The Architectural Heritage of the Rideau Corridor

by Barbara A. Humphreys

Churches of the Rideau

At the time of the settling of the Rideau Corridor there were five major religious denominations in Upper Canada. The Church of England and the Roman Catholic churches were, of course, well established when the Province of Upper Canada was founded. It was assumed at that time that the former religion would become the established church of Upper Canada, reflecting the close association of church and state that existed in England. This assumption was evident in the granting of the clergy reserves, which set aside one-seventh of the land as an endowment to the "Protestant" church. The assumption proved erroneous with the coming of the United Empire Loyalists, for while they brought with them a loyalty to the crown, this loyalty did not necessarily encompass, as was expected, a loyalty to the Church of England. Many of them were Methodists and, because of the strength of their religious beliefs, their tenacity and zeal, they were able to establish the first Methodist circuit in Upper Canada by 1790.

A second form of Methodism arrived in Canada with the coming of the Wesleyan Methodist adherents as part of the post-1812 emigration from Great Britain.
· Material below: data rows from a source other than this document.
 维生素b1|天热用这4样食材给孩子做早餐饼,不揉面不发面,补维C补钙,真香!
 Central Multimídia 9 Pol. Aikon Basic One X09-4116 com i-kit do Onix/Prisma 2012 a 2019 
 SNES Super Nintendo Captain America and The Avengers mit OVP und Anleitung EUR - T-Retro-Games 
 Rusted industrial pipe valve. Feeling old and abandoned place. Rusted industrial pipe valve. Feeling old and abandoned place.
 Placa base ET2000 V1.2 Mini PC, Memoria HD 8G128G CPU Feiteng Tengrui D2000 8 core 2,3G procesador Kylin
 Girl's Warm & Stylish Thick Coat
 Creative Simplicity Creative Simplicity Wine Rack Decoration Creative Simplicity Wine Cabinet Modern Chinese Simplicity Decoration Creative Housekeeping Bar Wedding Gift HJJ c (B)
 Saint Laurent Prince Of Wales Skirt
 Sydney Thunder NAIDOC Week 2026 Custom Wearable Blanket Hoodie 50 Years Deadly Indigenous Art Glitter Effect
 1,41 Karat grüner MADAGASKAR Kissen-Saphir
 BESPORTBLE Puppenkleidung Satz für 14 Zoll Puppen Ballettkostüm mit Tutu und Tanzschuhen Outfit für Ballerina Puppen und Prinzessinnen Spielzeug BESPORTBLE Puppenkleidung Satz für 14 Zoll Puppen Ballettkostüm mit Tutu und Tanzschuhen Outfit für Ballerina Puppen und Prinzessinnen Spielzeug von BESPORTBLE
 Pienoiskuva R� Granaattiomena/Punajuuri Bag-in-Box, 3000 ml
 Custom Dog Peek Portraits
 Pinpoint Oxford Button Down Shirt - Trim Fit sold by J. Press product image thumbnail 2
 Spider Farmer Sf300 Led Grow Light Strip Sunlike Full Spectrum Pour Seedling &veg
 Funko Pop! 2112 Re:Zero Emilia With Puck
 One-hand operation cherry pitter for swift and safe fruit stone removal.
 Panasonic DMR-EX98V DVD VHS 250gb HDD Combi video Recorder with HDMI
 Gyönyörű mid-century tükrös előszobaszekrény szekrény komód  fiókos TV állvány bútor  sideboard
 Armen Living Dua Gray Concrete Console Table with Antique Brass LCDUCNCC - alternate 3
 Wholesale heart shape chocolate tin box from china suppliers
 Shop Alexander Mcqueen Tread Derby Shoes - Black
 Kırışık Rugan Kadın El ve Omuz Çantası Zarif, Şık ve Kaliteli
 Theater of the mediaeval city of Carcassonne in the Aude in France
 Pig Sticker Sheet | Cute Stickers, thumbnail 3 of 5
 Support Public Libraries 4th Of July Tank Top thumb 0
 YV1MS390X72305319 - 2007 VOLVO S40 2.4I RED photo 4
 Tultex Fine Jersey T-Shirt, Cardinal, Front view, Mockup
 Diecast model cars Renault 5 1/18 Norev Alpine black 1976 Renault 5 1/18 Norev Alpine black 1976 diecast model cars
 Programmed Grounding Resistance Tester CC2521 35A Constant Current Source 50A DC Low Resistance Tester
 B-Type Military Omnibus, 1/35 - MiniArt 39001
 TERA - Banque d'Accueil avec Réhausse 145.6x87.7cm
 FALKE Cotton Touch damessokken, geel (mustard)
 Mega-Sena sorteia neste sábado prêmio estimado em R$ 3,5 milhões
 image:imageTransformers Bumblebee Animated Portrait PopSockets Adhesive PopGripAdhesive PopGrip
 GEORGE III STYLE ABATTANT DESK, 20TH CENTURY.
Dissenters from both this form of Methodism and the Episcopalian Methodism of the Loyalists formed still another Methodist group, the Canadian Wesleyan Methodists, and not until 1884 were all three united as the Methodist Episcopalian Church of Canada.

The Presbyterians, who became established in the Rideau area in the early days of settlement (a Presbyterian church was established in Merrickville in 1821), also suffered from dissension among themselves. Reflecting various divisions within the Church of Scotland and its American counterpart, these groups finally came together in 1875 to form the Presbyterian Church in Canada.

The Baptists were considerably fewer in number than the other religious groups, but at least one congregation was established in the Rideau area in the 1790s. They too suffered internal disagreements which were not finally resolved until 1851.

These several groups and their doctrinal differences led to the erection of an unusually large number of churches in some areas, considering the size of the population. Churches for all denominations were built in the Rideau Corridor with, as might be expected, the Anglican and Methodist predominating. These pre-1880 churches were largely simple one-storey structures, although there were also some very handsome (though not necessarily large) structures with tall spires and intricate interior detailing.

Most of the churches recorded were built of stone and equally divided between rural and urban sites. A few of the rural and village churches, particularly the earlier ones, were of frame construction, brick being used primarily in the villages and towns. Stone construction seems to have been dominant until brick came into popular use in the 1870s.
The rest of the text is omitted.